*EXERCISE DIRECTIONS*: Would you repeat each line below exactly, without the pictures?

*INPUT FOR THIS TASK*:
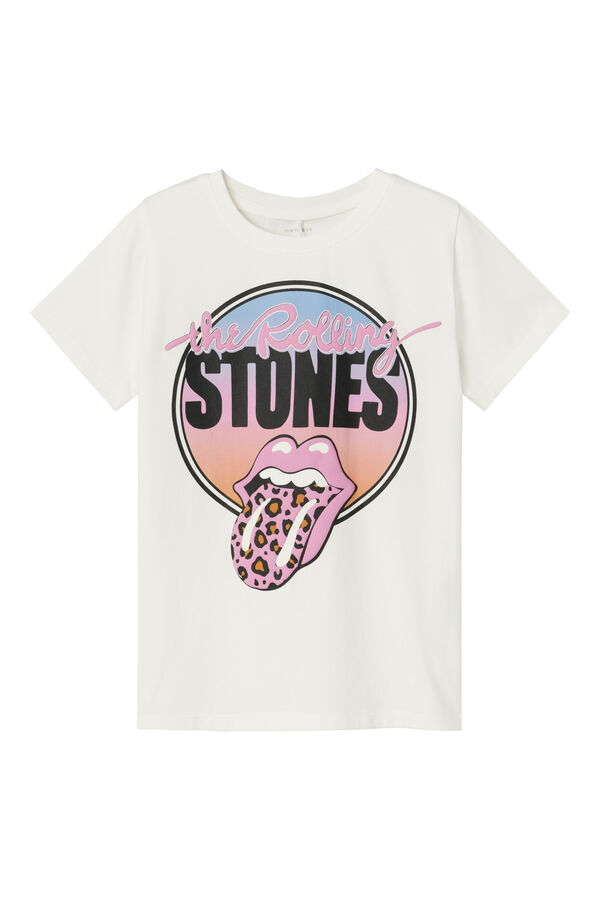 Name it Camiseta Rolling Stones niña blanco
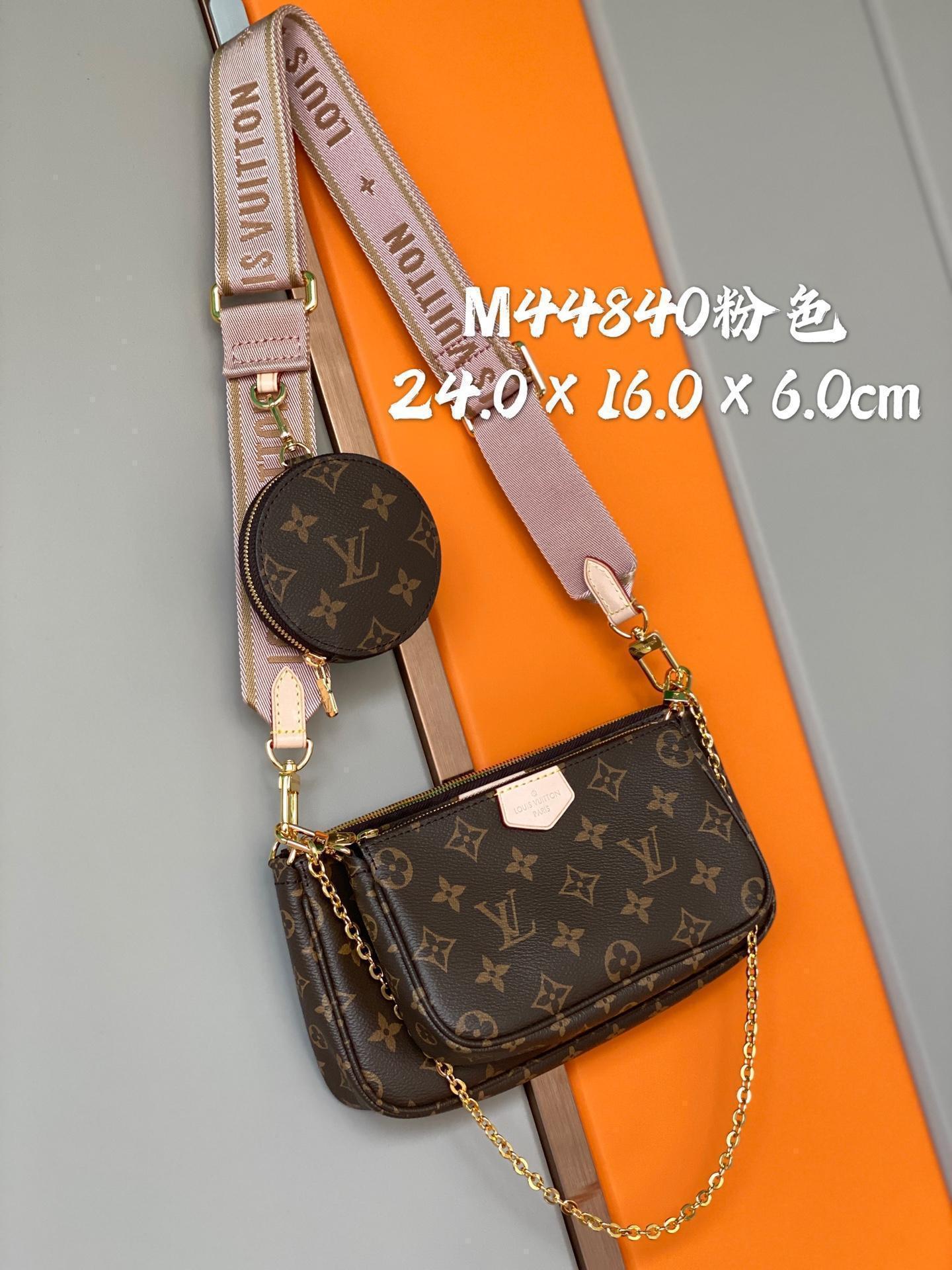 

Wallet 0000 LV LOUIS 1 VITTON Fashion Favorite Multi Pochette Women Handbags Designer Wallet Leather Shoulder Messenger Bag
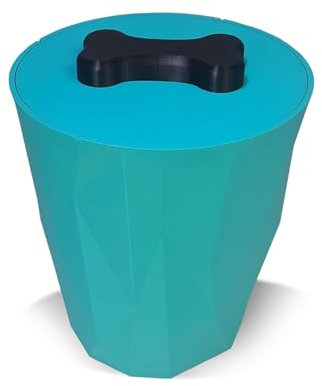 CrocketBox - Contenitore crocchette per cani e gatti, prodotto in Francia, ermetico, antiodore, APIE (turchese)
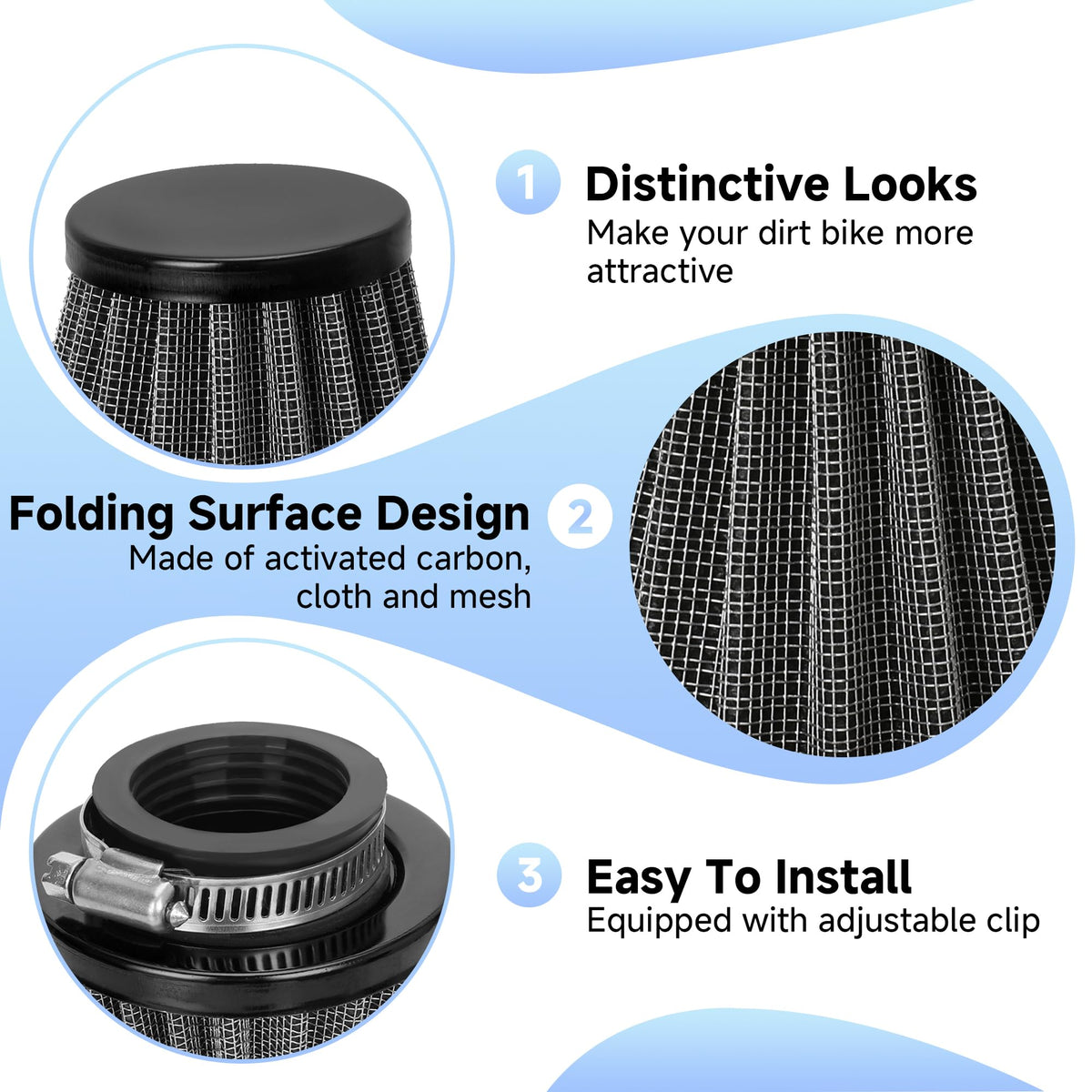YOXUFA spark plug and oil switch included for ready-to-install convenience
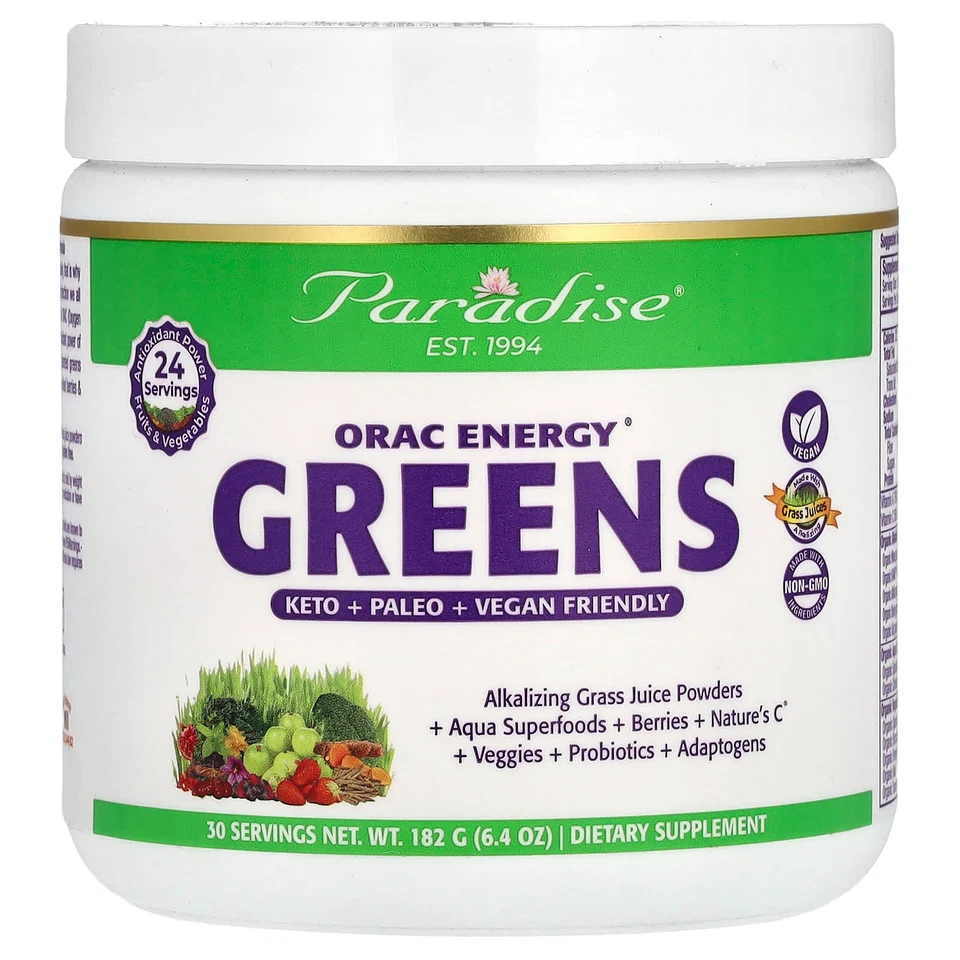 Зеленый комплекс Paradise Herbs ORAC Energy® Greens, 182 г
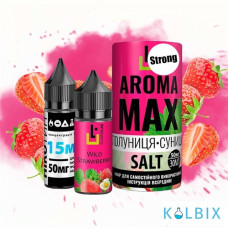 Набор для самозамеса Aroma MAX Salt Strong 30 мл 50 мг со вкусом клубники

*EXPECTED OUTPUT*:
 Name it Camiseta Rolling Stones niña blanco

Wallet 0000 LV LOUIS 1 VITTON Fashion Favorite Multi Pochette Women Handbags Designer Wallet Leather Shoulder Messenger Bag
 CrocketBox - Contenitore crocchette per cani e gatti, prodotto in Francia, ermetico, antiodore, APIE (turchese)
YOXUFA spark plug and oil switch included for ready-to-install convenience
 Зеленый комплекс Paradise Herbs ORAC Energy® Greens, 182 г
 Набор для самозамеса Aroma MAX Salt Strong 30 мл 50 мг со вкусом клубники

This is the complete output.